Exercise brief
The copy should hold exactly the lines below from the one that contains "22 Irene Ct" through the one that contains "209 Carmichael Avenue, Toronto" and nothing else, so no pictures.

Data for review

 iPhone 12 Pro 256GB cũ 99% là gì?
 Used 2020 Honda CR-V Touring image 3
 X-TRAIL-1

---

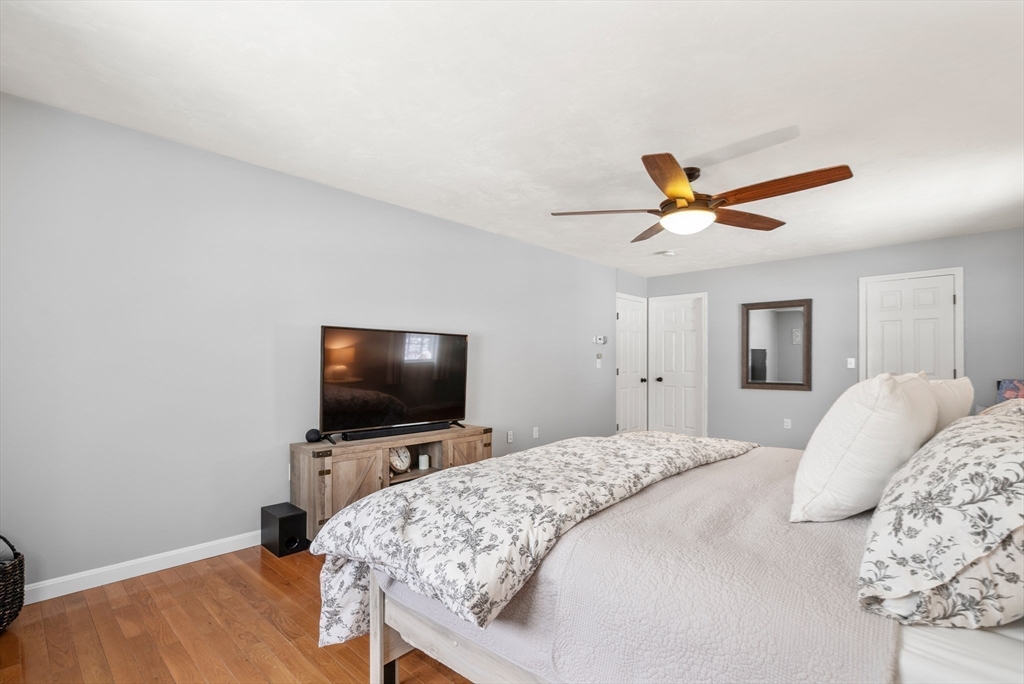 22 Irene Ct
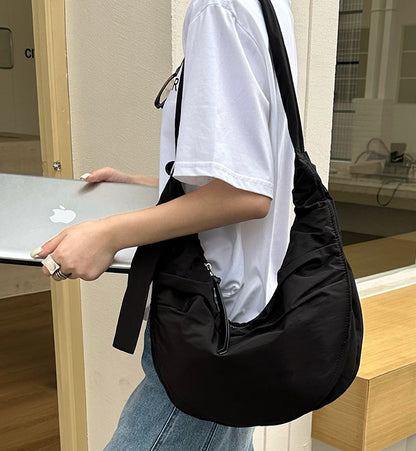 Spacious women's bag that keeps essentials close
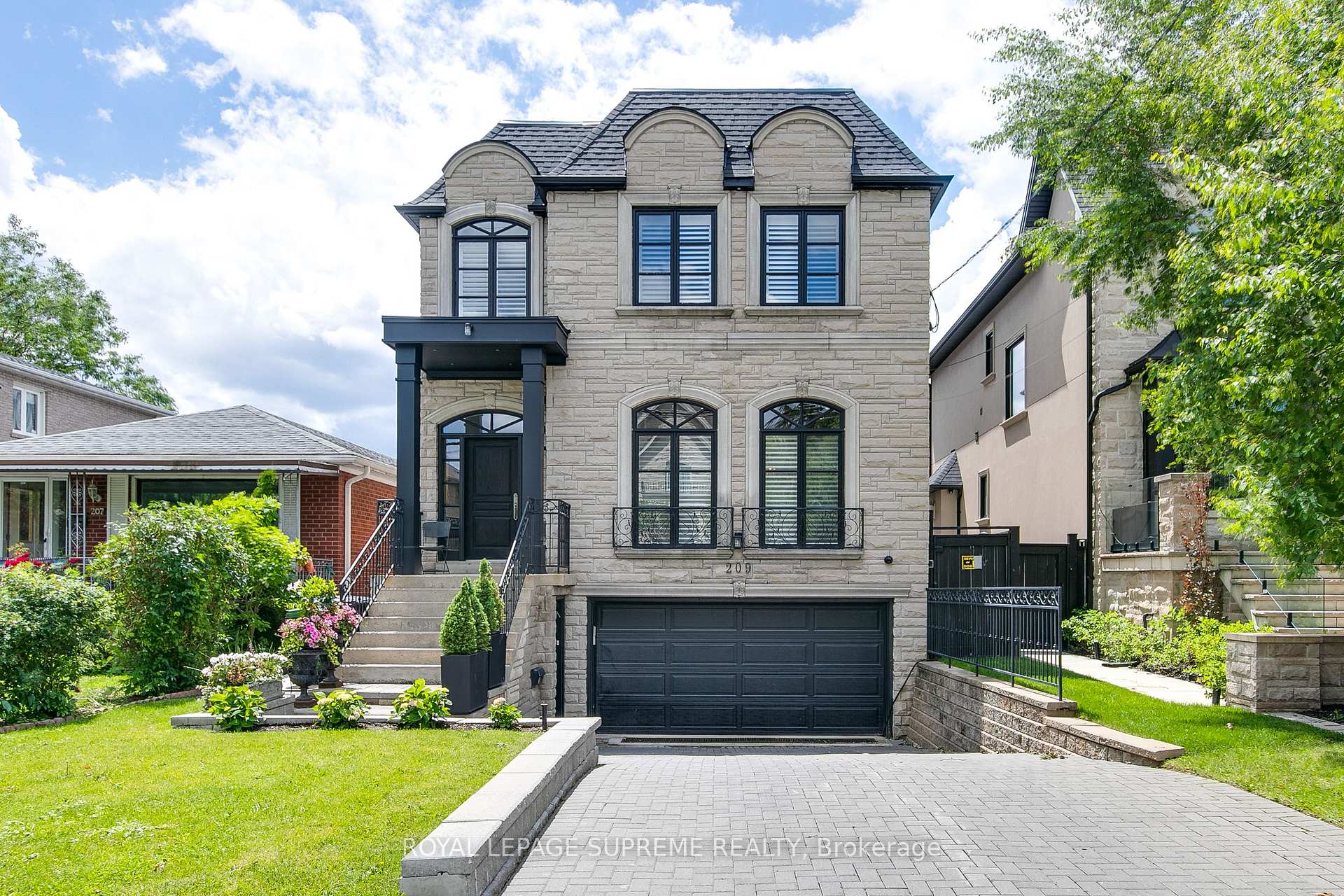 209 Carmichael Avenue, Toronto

---

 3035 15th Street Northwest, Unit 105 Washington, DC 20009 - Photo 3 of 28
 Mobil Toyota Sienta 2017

Task solution
 22 Irene Ct
 Spacious women's bag that keeps essentials close
 209 Carmichael Avenue, Toronto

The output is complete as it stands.